Frases de Fernando Pessoa - Sou definitivamente contra o d...

Sou definitivamente contra o definido, porque o definido é o bastante e o bastante não basta.
Fernando Pessoa
Significado e Contexto
A citação "Sou definitivamente contra o definido, porque o definido é o bastante e o bastante não basta" encapsula uma postura filosófica central na obra de Fernando Pessoa. O "definido" representa tudo o que é estabelecido, limitado, categorizado ou considerado suficiente pela sociedade ou pela razão convencional. Pessoa argumenta que aceitar o "bastante" – o que é considerado adequado ou completo – é insatisfatório para a alma humana, que anseia por algo mais vasto, misterioso e infinito. Esta afirmação é uma defesa da inquietação, da dúvida e da busca perpétua, valores fundamentais no pensamento modernista e existencialista que Pessoa antecipou. Num nível mais profundo, a frase reflete a própria natureza fragmentada e múltipla do autor, que criou diversos heterónimos com personalidades distintas. Rejeitar o "definido" é rejeitar uma identidade única e fixa, abraçando em vez disso a fluidez e a contradição da experiência humana. O "bastante não basta" torna-se assim um lema para a insatisfação criativa, o motor que impele a arte, a filosofia e a descoberta pessoal para além dos limites do conhecido e do aceite.
Origem Histórica
Fernando Pessoa (1888-1935) é o maior poeta português do século XX e uma figura central do Modernismo. Viveu durante um período de grande agitação política, social e cultural em Portugal (fim da Monarquia, implantação da República, Primeira Guerra Mundial). A sua obra, marcada pelo desassossego e pela fragmentação do eu, surge como resposta a esta crise de valores e à descrença nos sistemas totalizantes. Esta citação, embora de origem específica por vezes difícil de localizar num único livro, ecoa temas presentes em toda a sua produção, especialmente através dos seus heterónimos (como Álvaro de Campos e Alberto Caeiro), que frequentemente exploram o tédio face ao convencional e a ânsia pelo absoluto.
Relevância Atual
A frase mantém uma relevância pungente na sociedade contemporânea, marcada pela rapidez das mudanças, pela saturação de informação e por frequentes crises de sentido. Num mundo que muitas vezes procura respostas definitivas e soluções rápidas, a mensagem de Pessoa lembra-nos do valor da dúvida, da inquietação e da rejeição do status quo. É um antídoto contra o conformismo, aplicável a áreas como a inovação tecnológica (que nasce da insatisfação com o existente), o ativismo social (que luta contra estruturas consideradas "definitivas" mas injustas) e a busca pessoal por autenticidade numa cultura de padrões pré-definidos. A ideia de que "o bastante não basta" fomenta a curiosidade e a evolução contínua.

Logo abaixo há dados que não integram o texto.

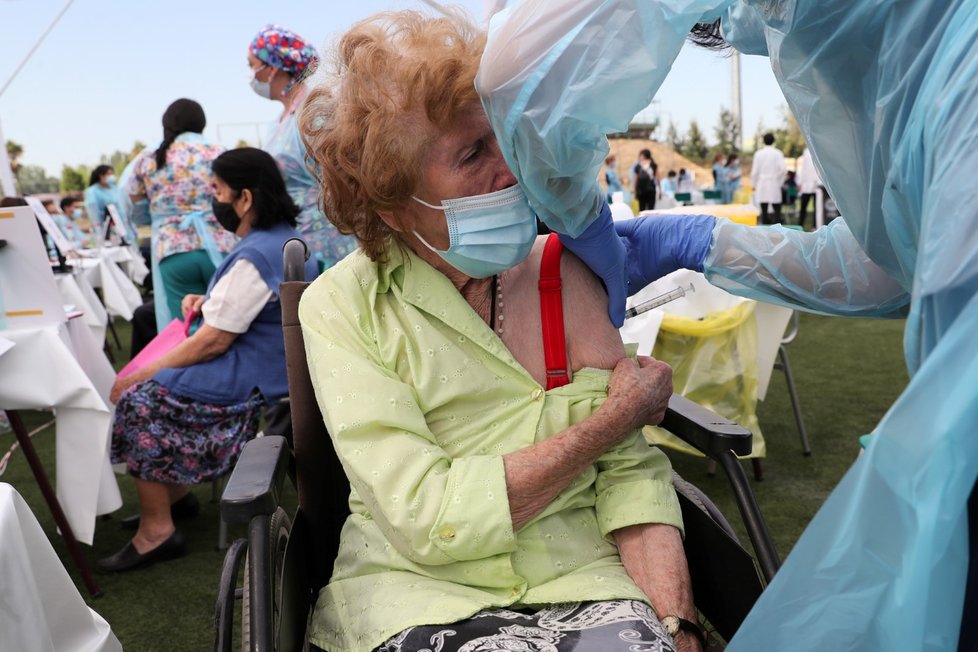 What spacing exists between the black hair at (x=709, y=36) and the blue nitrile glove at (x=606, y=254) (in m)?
0.29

Fonte Original: A citação é frequentemente atribuída a Fernando Pessoa e circula em antologias e coleções de suas frases. Pode estar associada ao seu vasto legado de textos em prosa, fragmentos e cartas, onde explorava ideias filosóficas de forma aforística. Uma localização precisa numa obra publicada em vida é difícil, sendo mais um dos seus pensamentos disseminados que sintetizam a sua visão de mundo.
Citação Original: Sou definitivamente contra o definido, porque o definido é o bastante e o bastante não basta. (A citação já está na língua original, português.)
Exemplos de Uso
- Num debate sobre inovação, um líder pode dizer: 'Na nossa empresa, somos contra o definido. O que é bastante hoje, amanhã não basta, e é isso que nos impele a criar.'
- Um artista a explicar o seu processo: 'A minha arte é uma recusa do definido. Se ficasse satisfeito com o bastante, pararia de explorar.'
- Num contexto de desenvolvimento pessoal: 'Esta frase de Pessoa lembra-me que devemos questionar constantemente as nossas certezas. Aceitar o "bastante" é estagnar.'
Variações e Sinônimos
- "O caminho faz-se caminhando" (Antonio Machado) – foca no processo contínuo versus um destino definido.
- "A vida é o que acontece enquanto estás ocupado a fazer outros planos" (John Lennon) – sobre a imprevisibilidade versus o definido.
- "Navegar é preciso, viver não é preciso" (também de Pessoa, via Álvaro de Campos) – explora a necessidade de agir num mundo incerto.
- "A única constante é a mudança" – ditado popular que ecoa a rejeição do estático e definido.
Curiosidades
Fernando Pessoa não assinou a maioria da sua obra com o seu próprio nome, mas através de mais de 70 heterónimos – personalidades literárias completas com biografias, estilos e visões de mundo próprias. Esta prática é a encarnação máxima da sua filosofia "contra o definido", recusando uma identidade única e fixa como autor.